■ **Exercise data**
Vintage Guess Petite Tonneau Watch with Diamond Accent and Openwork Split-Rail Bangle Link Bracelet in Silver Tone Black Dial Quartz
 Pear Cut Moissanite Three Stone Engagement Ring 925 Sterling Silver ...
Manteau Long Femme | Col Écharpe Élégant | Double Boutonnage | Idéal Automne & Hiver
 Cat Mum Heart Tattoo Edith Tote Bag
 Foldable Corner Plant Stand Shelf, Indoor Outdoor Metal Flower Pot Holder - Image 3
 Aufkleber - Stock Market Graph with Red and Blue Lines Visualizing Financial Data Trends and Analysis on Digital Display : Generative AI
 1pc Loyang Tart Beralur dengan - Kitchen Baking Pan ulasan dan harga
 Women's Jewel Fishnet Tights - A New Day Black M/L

■ **Exercise aim**
Reproduce precisely the span of lines that begins at the line containing "1pc Loyang Tart" and ends with the last line of the listing.

■ **Exercise output**
 1pc Loyang Tart Beralur dengan - Kitchen Baking Pan ulasan dan harga
 Women's Jewel Fishnet Tights - A New Day Black M/L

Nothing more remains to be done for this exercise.